[Stored data]
=======
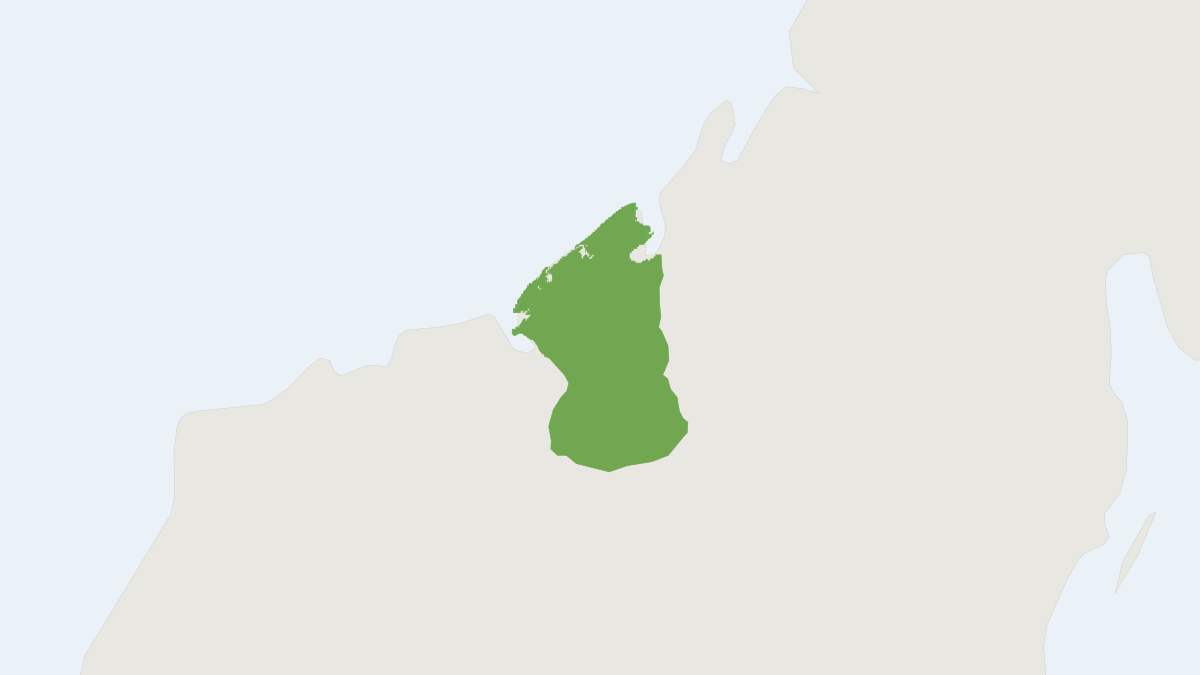 Range map of the Milne-Edwards's Sportive Lemur (Lepilemur edwardsi)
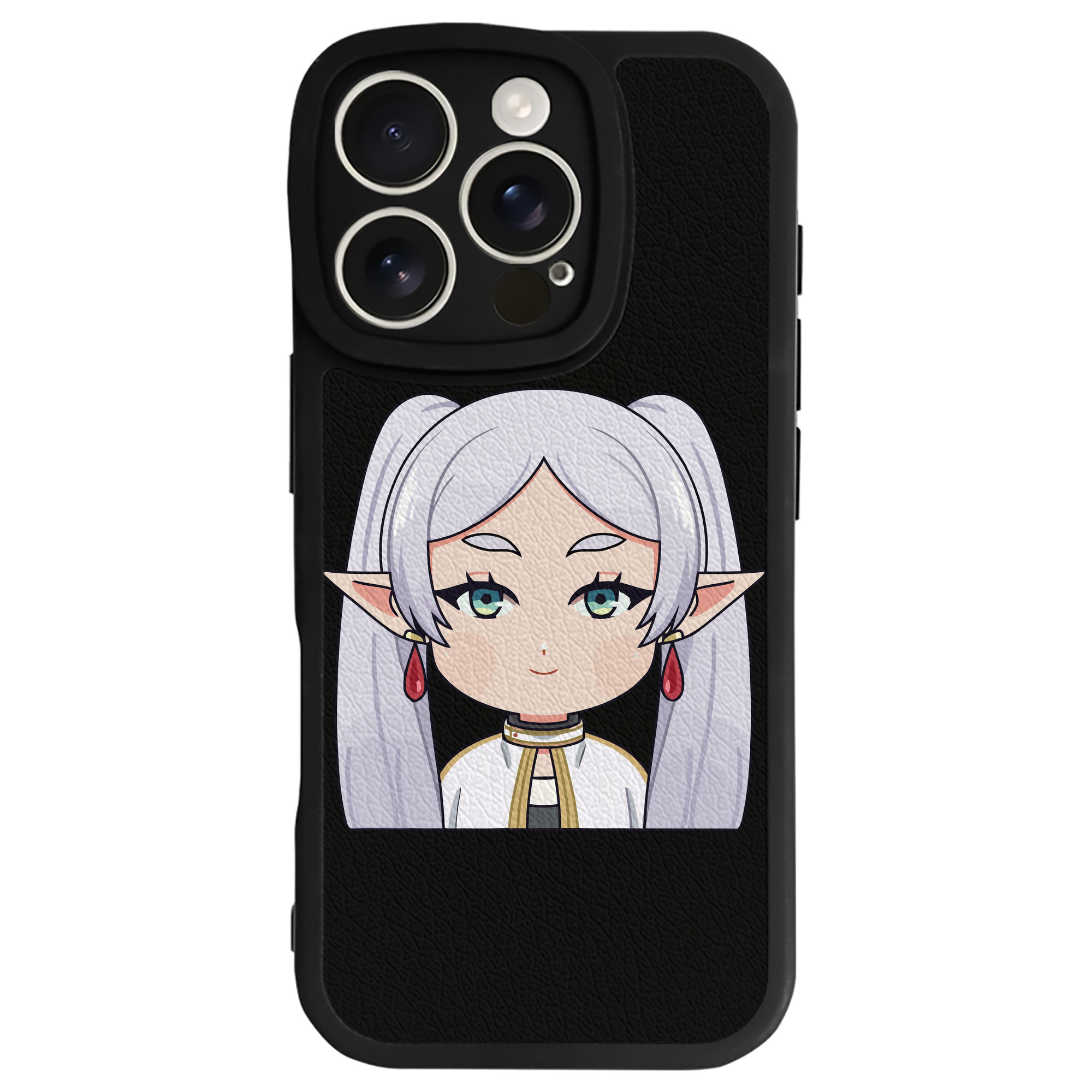 （画像用） 葬送のフリーレン Frieren 【iPhone 16シリーズ対応】シリコンスマホケース（レザー調） 材質：シリコン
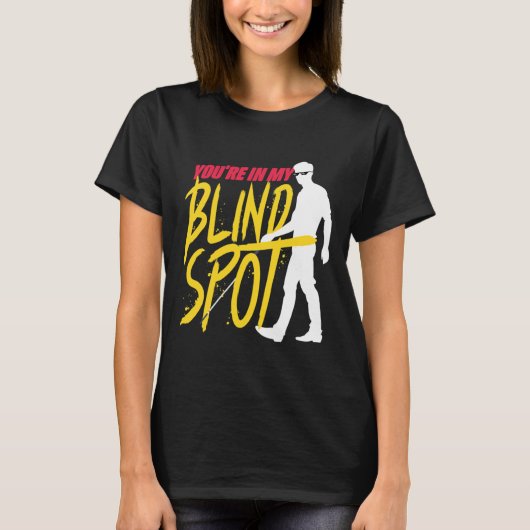 Blinddarm Sehbehinderte Blinde Menschen Blinder St T-Shirt (Vorderseite)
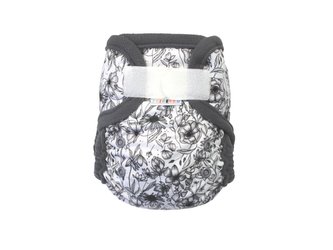 Kapsová plenka (S) - Květy black and white SZ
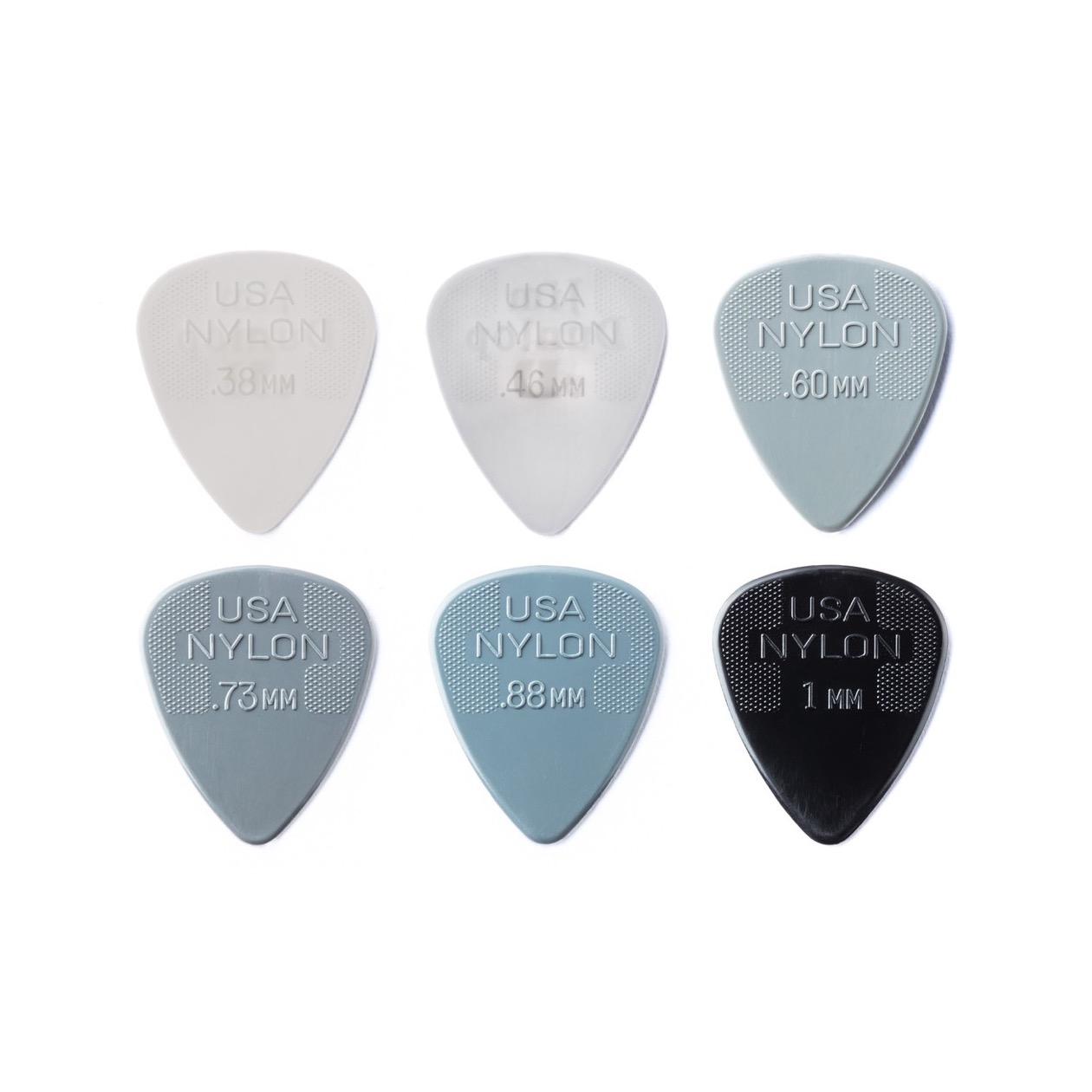 Dunlop Gitaar Plectrum PVP 44 Variety Pack Nylon bag of 12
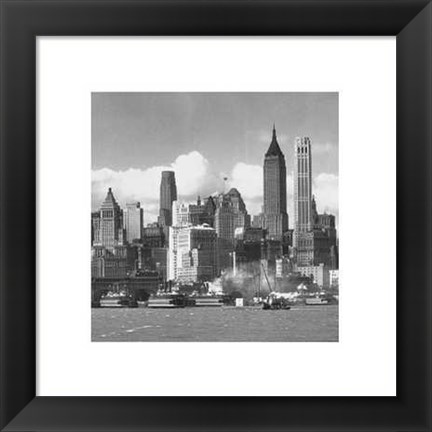 Framed Manhattan Skyline, New York City, c.1940 Print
=======
Exercise: When copying the entries, drop the images and keep every line exact.

Output of the exercise:
 Range map of the Milne-Edwards's Sportive Lemur (Lepilemur edwardsi)
 （画像用） 葬送のフリーレン Frieren 【iPhone 16シリーズ対応】シリコンスマホケース（レザー調） 材質：シリコン
 Blinddarm Sehbehinderte Blinde Menschen Blinder St T-Shirt (Vorderseite)
 Kapsová plenka (S) - Květy black and white SZ
 Dunlop Gitaar Plectrum PVP 44 Variety Pack Nylon bag of 12
 Framed Manhattan Skyline, New York City, c.1940 Print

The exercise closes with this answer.